A British explorer who has spent the last seven-and-a-half years on a quest to walk around the world is to be expelled from Russia.
Karl Bushby has 10 days to lodge an appeal
Ex-paratrooper Karl Bushby, 36, from Hull, was fined by a Russian court for entering the country without paperwork.
Mr Bushby and fellow explorer Dimitri Kieffer arrived near the unauthorised entry point of Uelen on 2 April having crossed the Bering Strait from Alaska.
His father Keith said the court had "knocked his legs away from under him".
He said his son was bitterly disappointed by the court's decision.
It took 14 days to cross the frozen strait
He said entering Russia at an unauthorised point had been the explorers' only option given their route.
His son is part-way through 12-year record-breaking bid to walk around the world, known as the Goliath expedition.
He said the pair had tried to speak to the relevant authorities to no avail ahead of the "window" to cross the frozen strait.
He said of his son: "He's just shocked. I don't think it's really sunk it yet."
Although the pair had valid business visas they were accused of not completing proper formalities on arrival.
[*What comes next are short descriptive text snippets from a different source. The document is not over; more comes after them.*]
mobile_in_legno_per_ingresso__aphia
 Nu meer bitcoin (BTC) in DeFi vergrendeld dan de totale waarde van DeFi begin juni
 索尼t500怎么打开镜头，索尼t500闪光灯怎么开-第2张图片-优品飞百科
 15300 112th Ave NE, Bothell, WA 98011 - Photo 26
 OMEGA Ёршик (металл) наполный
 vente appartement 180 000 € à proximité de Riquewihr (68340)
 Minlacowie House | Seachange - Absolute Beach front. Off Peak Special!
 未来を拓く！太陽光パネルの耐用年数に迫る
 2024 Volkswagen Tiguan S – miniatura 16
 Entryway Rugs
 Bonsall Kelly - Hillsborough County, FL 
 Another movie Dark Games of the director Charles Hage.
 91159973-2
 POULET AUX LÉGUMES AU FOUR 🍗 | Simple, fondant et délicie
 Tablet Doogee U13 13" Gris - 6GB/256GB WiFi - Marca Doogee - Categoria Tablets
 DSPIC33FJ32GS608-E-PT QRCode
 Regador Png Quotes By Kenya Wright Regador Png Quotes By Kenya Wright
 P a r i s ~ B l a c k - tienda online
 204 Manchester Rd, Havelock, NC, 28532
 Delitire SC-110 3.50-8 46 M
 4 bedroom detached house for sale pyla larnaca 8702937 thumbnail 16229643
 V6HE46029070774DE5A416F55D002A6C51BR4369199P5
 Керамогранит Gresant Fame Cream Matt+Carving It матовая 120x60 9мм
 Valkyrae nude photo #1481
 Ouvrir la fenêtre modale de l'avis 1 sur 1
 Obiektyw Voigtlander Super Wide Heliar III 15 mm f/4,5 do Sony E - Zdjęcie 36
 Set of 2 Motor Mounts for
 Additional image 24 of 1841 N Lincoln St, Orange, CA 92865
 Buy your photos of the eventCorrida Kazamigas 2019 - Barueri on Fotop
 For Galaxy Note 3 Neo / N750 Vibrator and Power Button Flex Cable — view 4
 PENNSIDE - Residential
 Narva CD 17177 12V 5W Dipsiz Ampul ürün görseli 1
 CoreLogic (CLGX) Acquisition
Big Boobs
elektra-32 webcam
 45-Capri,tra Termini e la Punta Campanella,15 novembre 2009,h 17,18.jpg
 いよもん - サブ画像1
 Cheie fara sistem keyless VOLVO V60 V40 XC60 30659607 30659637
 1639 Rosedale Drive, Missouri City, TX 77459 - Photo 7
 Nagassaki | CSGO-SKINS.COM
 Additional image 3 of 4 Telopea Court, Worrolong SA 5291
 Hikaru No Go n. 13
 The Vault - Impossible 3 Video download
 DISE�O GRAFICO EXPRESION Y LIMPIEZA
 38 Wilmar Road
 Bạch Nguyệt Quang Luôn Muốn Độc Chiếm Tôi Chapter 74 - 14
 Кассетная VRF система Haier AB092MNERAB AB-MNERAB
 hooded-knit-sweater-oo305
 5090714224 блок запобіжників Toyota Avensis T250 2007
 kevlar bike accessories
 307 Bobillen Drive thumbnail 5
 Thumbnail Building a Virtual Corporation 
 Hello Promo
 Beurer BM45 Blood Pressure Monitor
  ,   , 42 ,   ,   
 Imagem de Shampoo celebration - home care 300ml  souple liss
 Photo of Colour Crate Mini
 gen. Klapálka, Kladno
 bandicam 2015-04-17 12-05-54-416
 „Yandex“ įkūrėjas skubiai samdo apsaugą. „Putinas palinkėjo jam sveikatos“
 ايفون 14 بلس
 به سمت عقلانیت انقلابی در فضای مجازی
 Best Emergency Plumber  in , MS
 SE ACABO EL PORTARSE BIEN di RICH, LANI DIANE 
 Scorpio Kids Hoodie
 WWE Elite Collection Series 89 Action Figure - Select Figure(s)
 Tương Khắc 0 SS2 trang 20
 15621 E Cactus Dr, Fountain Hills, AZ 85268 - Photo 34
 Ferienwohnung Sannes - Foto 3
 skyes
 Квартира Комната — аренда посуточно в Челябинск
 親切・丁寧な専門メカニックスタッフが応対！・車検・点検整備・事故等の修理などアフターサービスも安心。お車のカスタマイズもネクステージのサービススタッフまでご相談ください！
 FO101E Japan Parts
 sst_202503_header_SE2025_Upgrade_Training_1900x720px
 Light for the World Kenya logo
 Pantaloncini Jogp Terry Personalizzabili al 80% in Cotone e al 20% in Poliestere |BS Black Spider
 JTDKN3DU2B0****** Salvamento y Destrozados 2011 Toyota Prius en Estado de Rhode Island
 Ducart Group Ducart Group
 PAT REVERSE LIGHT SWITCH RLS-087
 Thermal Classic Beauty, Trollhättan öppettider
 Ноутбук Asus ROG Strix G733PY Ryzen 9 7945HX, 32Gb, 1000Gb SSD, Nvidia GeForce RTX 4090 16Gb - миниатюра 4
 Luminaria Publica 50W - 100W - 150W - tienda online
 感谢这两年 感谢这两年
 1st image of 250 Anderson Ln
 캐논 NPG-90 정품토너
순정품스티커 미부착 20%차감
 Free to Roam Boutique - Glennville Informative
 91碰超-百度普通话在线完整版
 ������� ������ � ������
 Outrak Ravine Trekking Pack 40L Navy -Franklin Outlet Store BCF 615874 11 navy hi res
Mr Bushby and American Dimitri Kieffer were later detained by border guards and moved to the village of Lavrentiya.
They have 10 days to lodge an appeal.
Was expected to take more than 12 years to complete
It was to cover over 36,000 miles
The route took in 25 countries
Karl Bushby set off 1 November 1998
He has completed more than 17,000 miles
The pair are staying with a local priest in Lavrentiya, about 500 miles north-east of the Chukota provincial capital, Anadyr, but have been told they must not leave the village.
BBC Moscow correspondent Steve Rosenburg said the pair were likely to be deported in days.
The real question now is whether Mr Bushby would be allowed to return to Russia, said our correspondent.
"The British embassy hopes that Karl will be allowed to return to Russia at some point to continue his walk," he said.
Mr Bushby began his journey near the southern tip of South America, in the Chilean town of Punta Arenas.
He then walked north through South America, Central and North America, crossing from Alaska into Siberia via the frozen Arctic waters of the Chukchi Sea (north of the Bering Straits).
Before his arrest, he had hoped to travel south west down the eastern coast of Russia, before turning west across Asia and Europe and reaching the UK, via the Channel Tunnel, in four years' time.